Material provided =
[Start of Attachment]

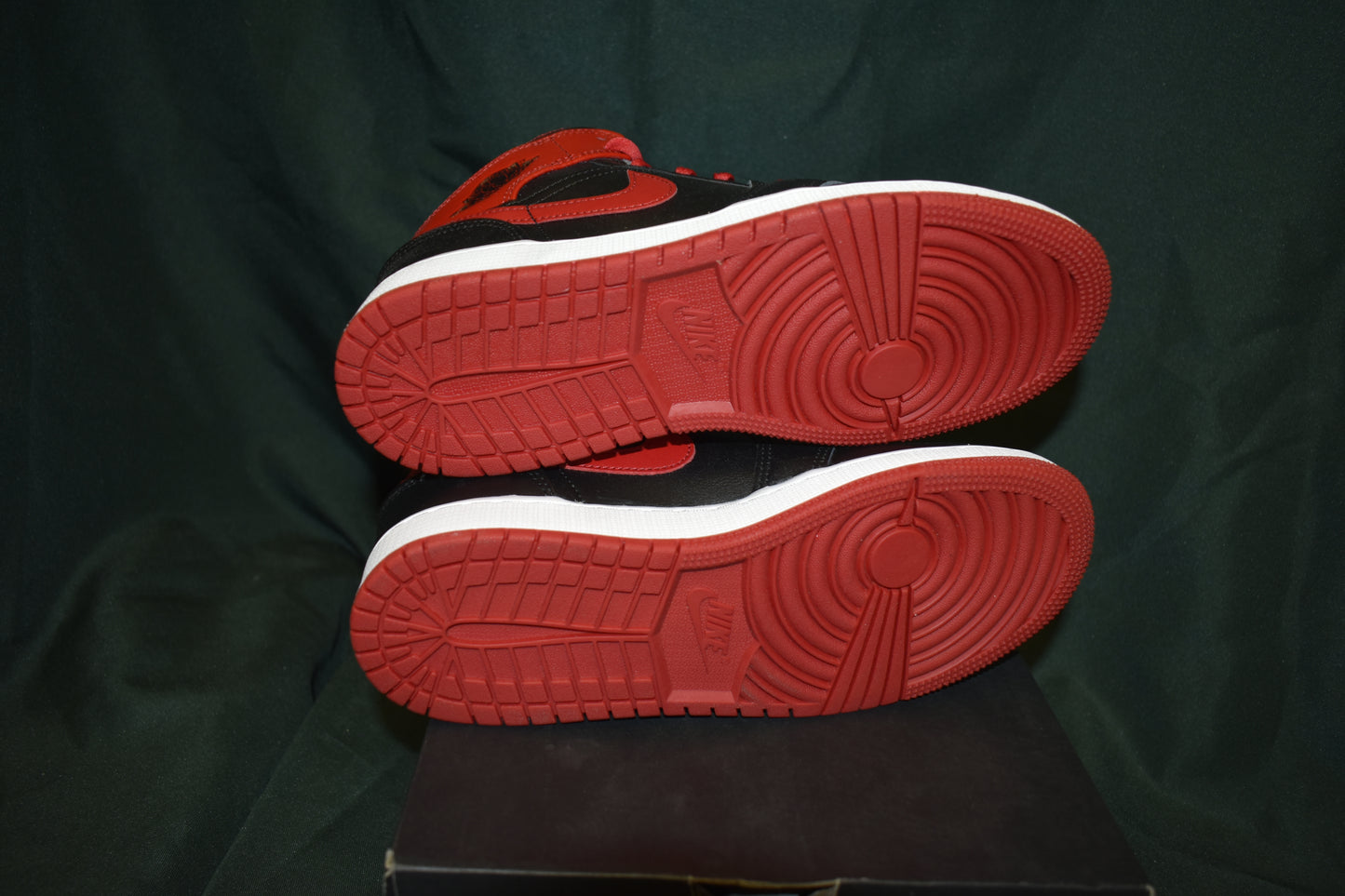 SHOES NIKE SIZE 5 KIDS AIR JORDAN 1 MID BLACK/RED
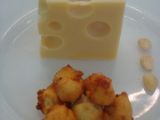 Receta Dados de salmón con soja y buñuelos de almendra y queso emmental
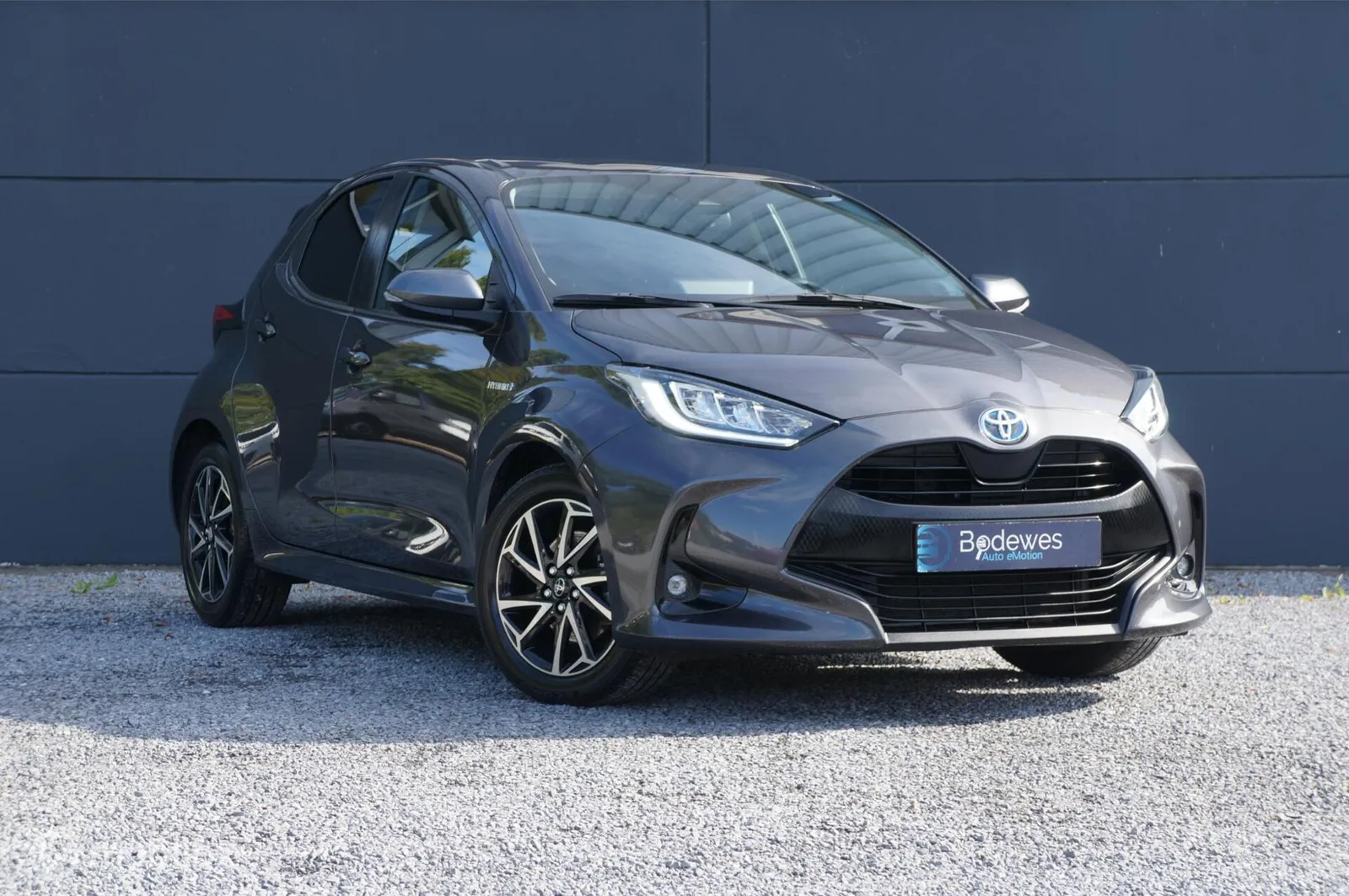 Toyota Yaris (2021) — foto 1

[End of Attachment]

The task = Would you reproduce the listing above in full and exactly, without its pictures?

Result for this exercise =
 SHOES NIKE SIZE 5 KIDS AIR JORDAN 1 MID BLACK/RED
 Receta Dados de salmón con soja y buñuelos de almendra y queso emmental
 Toyota Yaris (2021) — foto 1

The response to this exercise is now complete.